# Task to carry out:
What you return must be the exact lines of the material below, from the first through the one that has "Mies maalaa Venezuelan", with no pictures and, please, nothing else.

# Material provided:
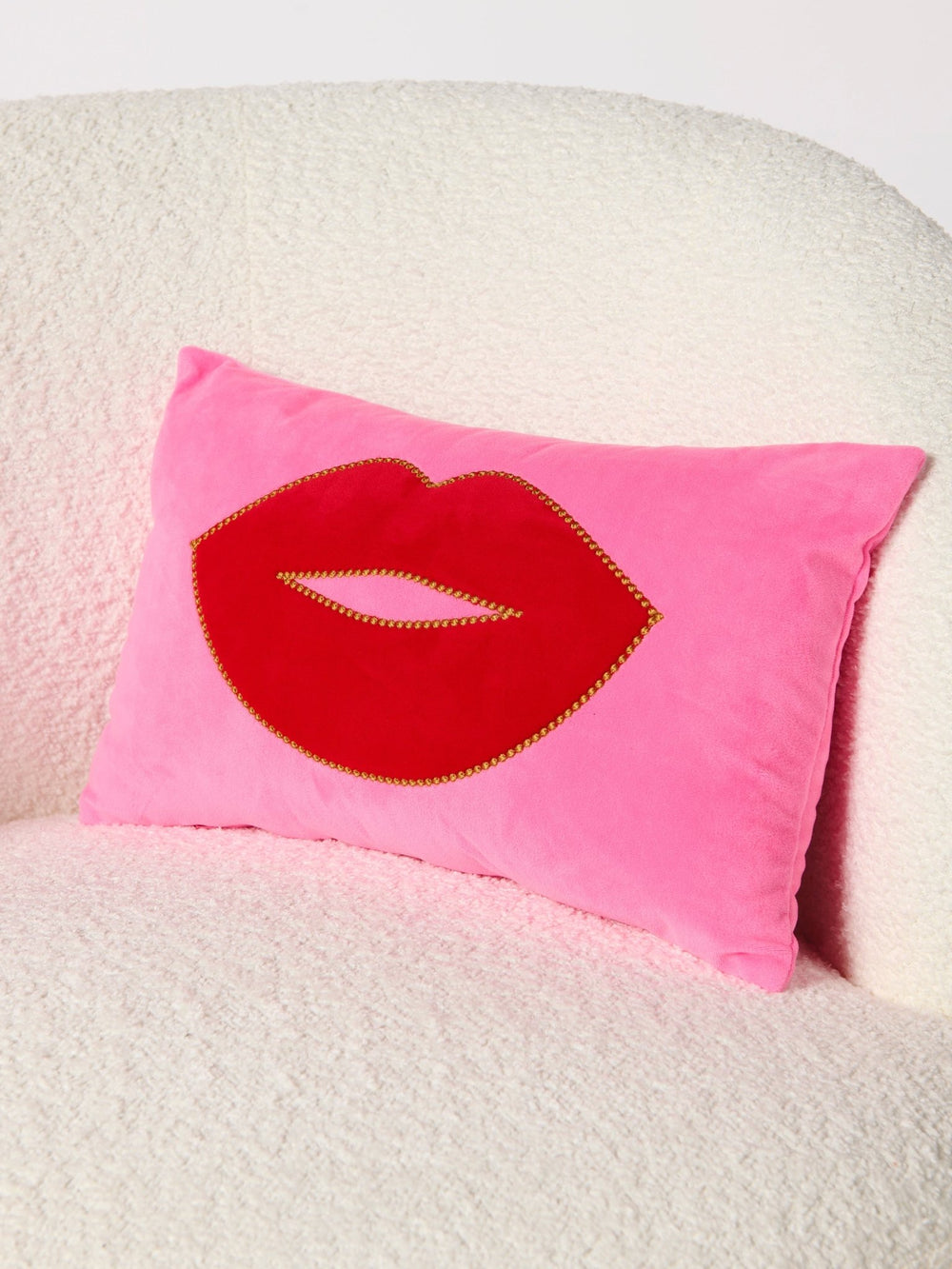 Pink lip pillow tucked into a textured cream armchair, close view of the gold beaded lip outline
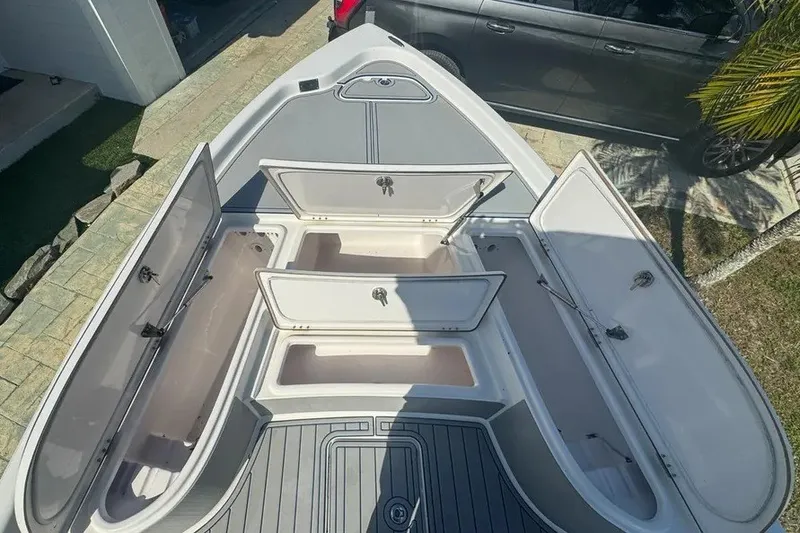 Slide: The Image of 2018 Blue Wave 2400 PureBay boat with open storage compartments, parked on a driveway. - 27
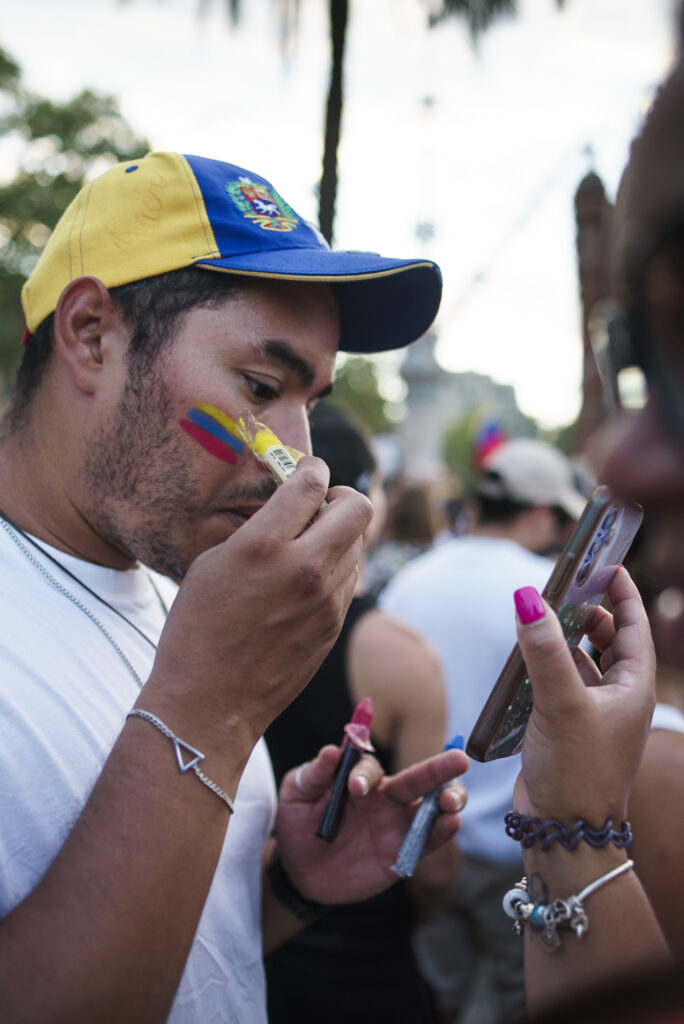 Mies maalaa Venezuelan lippua kasvoilleen mielenosoituksessa.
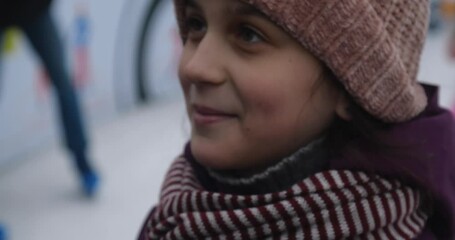 Extreme close-up hand of mother taking care of a Caucasian girl in warm scarf and jacket in winter, straightening her pink knitted hat at the skating rink. It's frosty outside,happy child is smiling - Powered by Adobe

# Result for this task:
 Pink lip pillow tucked into a textured cream armchair, close view of the gold beaded lip outline
 Slide: The Image of 2018 Blue Wave 2400 PureBay boat with open storage compartments, parked on a driveway. - 27
 Mies maalaa Venezuelan lippua kasvoilleen mielenosoituksessa.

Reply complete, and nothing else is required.